Japan's economy shed 230,000 jobs in January, the biggest decline in four months, and more people will join unemployment lines as Hitachi Ltd and Misawa Homes Ltd offer thousands of workers incentives to quit.
Companies are trimming costs as falling prices wreck earnings. Consumer prices fell a record 1.4 percent in January from a year ago, as Japan's 2 1/2-year bout with deflation worsened.
Job losses may accelerate this month as companies try to complete severance plans before the March 31 end of the fiscal year so they can put billions of yen in charges behind them. The jobless rate will resume rising after unexpectedly falling to 5.3 percent in January, analysts said.

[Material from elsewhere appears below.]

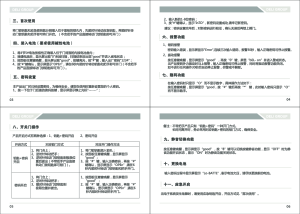 缩略图预览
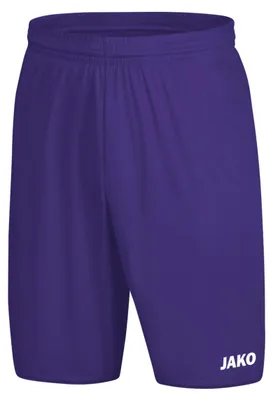 Image de Sporthose Manchester 2.0 JAKO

"The outlook is really dim," said Susumu Okano, the chief economist at Daiwa Research Institute of Research Ltd, who expects the jobless rate to rise a full percentage point in the next year.

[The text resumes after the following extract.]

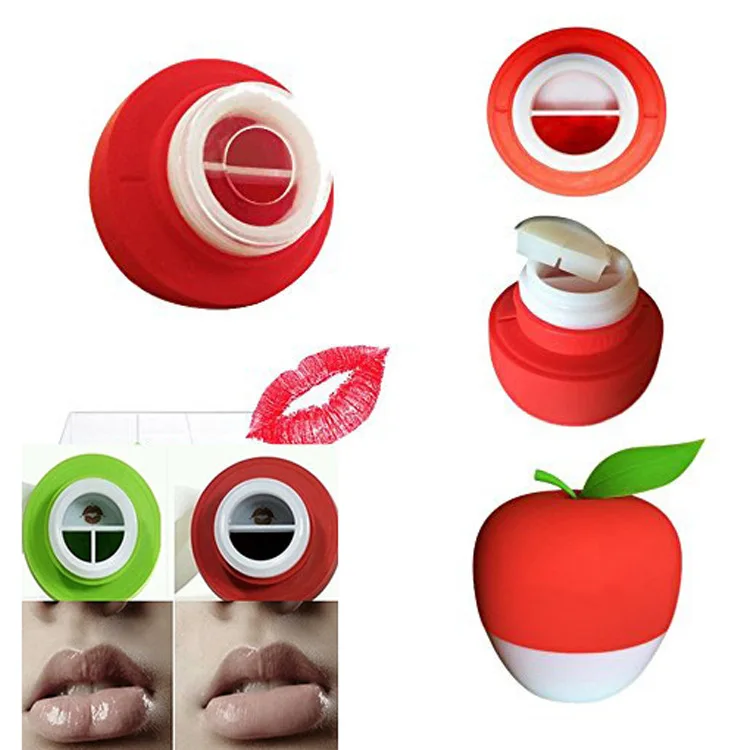 Full Lip Plumpers Device Sexy Enhancer Mouth Beauty Lip Pump Enhancement Pump Device Quick Lip Plumper Enhancer
Full Lip Plumpers Device Sexy Enhancer Mouth Beauty Lip Pump Enhancement Pump Device Quick Lip Plumper Enhancer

"Falling incomes and prices are hurting companies, leading to cuts in production, business spending and jobs." The jobless rate fell for the first time in 11 months, from a revised 5.5 percent in December, as people gave up looking for work as jobs become scarcer. Economists had expected the jobless rate to rise to 5.7 percent from December's initial estimate of 5.6 percent.
December's unemployment rate is the highest on record. Government officials downplayed the drop in the jobless rate.
"The trend is still not good," Finance Minister Masajuro Shiokawa said. Economy Minister Heizo Takenaka said the job situation remains "tough." The yen fell against the dollar on optimism the US is pulling out of recession while Japan remains locked in its third in a decade.
The yen was recently at 133.61 to the dollar, down from 133.36 late yesterday.
The main Nikkei 225 stock average rose 2.1 percent, rounding out a three-day, 6 percent rally and its biggest weekly gain in five months.
The lack of jobs is fueling disenchantment among the unemployed.
The participation rate, which measures the proportion of the workforce with a job or looking for one, fell to 60.6 percent from 61.4 percent in December.
The number of people not looking for work rose by 1.2 million from a year earlier to 43 million, a record.
"More people are discouraged about looking for jobs," said Taro Saito, an economist at NLI Research Institute.
Jobs are getting scarcer. A Labor Ministry report showed there were 51 jobs for every 100 applicants at state-run work centers in January, or two people chasing each job. That's down from 65 jobs for every 100 applicants a year ago.
A total of 3.55 million people are registered as unemployed, the government said. The real figure is probably twice that, said Kiyoshi Sasamori, the chairman of Japan's biggest trade union group.
"It's just so scary," said Sasamori, who leads the Japan Trade Union Confederation, or Rengo.